Erika Napoletano (@RedheadWriting) says it bluntly in her article about Theory vs Teaching: How NOT To Give Away Your IP : ...if you keep trolling the interwebz and your local professional events in search of people who will tell you how to blow your business out of the water for free, you’re an asshole.
Let's admit it - we're all assholes from time to time. At some point in time, we've all said, "Can you just...?" even (sometimes, especially) when we know that that "just" isn't simple at all.
On the other hand, how many times have we read articles that tell you customer service is about going above and beyond what the customer needs to really provide excellent service? How many times have we spent hours hand-holding clients, or talking them off the ledge of a really bad idea?
One of my very first clients was extremely needy. I had to spend a lot of extra time on the phone with them, did far more work than the project warranted and in the end...they stiffed me. No pay, no return calls, they blocked my emails and ability to contact them on a shared social network. I learned a very hard lesson with that project. Now, no more hand-holding new clients. They pay me, they get what I promised. That's it. They have to prove themselves to *me* before they'll get that extra time and effort.
Recently I was called by an old friend. She could not pay me, but she needed advice. There was no question in my mind - I immediately helped her out. Luckily, she's also quite sensible and wasn't asking for a ridiculous commitment of time, but even if she was, I'd have jumped to help - because I *know* that if/when I need her help, she'd be there for me to "just" do that one thing.
So, when do we "just" do something?
Here are a few Guidelines you can use to know who you should do "just" one more thing for:
Client Advocates - These people don't just use your services, they sell your services to everyone they encounter. They may be friends, peers and/or customers - they are part of your trusted inner circle. For these people, if you're not going above and beyond, you're missing an opportunity to thank them for all their work on your behalf, and a chance to make them that much more enthused about your services.
Repeat Clients - Despite the fact that competition is tough and there's always someone out there who will lowball, these clients come back over and over. These are the people to whom you first offer new services and goods, and when they ask if you can "just" add on one more thing, it's a good bet that it won't be wasted time.

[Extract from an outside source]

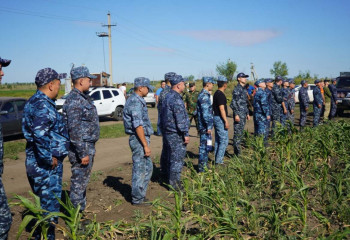 Поиски пятилетней девочки: нашли кукурузный початок со следами зубов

Referrals - These people have been told that you are really good at what you do. Don't throw the whole book of tricks at them, but this is an incredible opportunity to pull out an extra stop and do that one last thing that will take the edge off their concerns. Get their shoulders to relax in relief, and you've got a client for the long haul.

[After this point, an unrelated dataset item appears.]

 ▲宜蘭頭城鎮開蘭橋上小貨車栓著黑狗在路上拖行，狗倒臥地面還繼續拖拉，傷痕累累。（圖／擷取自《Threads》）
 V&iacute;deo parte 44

On the other side of the coin here are some folks for whom "just" one more thing is likely to be a time-sink:
Family - I won't elaborate here. We all know this is true. Family has no idea how *hard* what you do is, because they so often don't really understand what you do. Draw clear lines right at the very start of the project, and be firm that no, you can't "just do one more thing."
On Again-Off Again Clients - These folks ping-pong back and forth looking for the best deal. They love you, until you quote a price, then they insist they can get a better quote down the road. Once they agree, they'll niggle and nag until they've weaseled a whole other project out of you...and they'll be the last ones to pay the bill.
New Clients - This sounds counterintuitive, because of course we want to wow new clients right out of their seats. Well, yes - wow them with what they contracted for and what you promised. Do an *amazing* job at exactly what they asked for. When it's all over and you have that check in your hand, suggest next steps, and be more open to doing just one more thing for them.
As with all things dealing with people, there is no one simple answer for this. The most important thing is to be mindful of who you're willing to do "just" one more thing for, and stick to your guns. And while we're at it, let's be mindful of who *we* ask "Can you just...?"
Sometimes the worst thing you can do is go above and beyond. Sometimes there's no question, you'll do the extra work because the relationship is worth it Knowing the difference is critical to knowing when you can do just one more thing.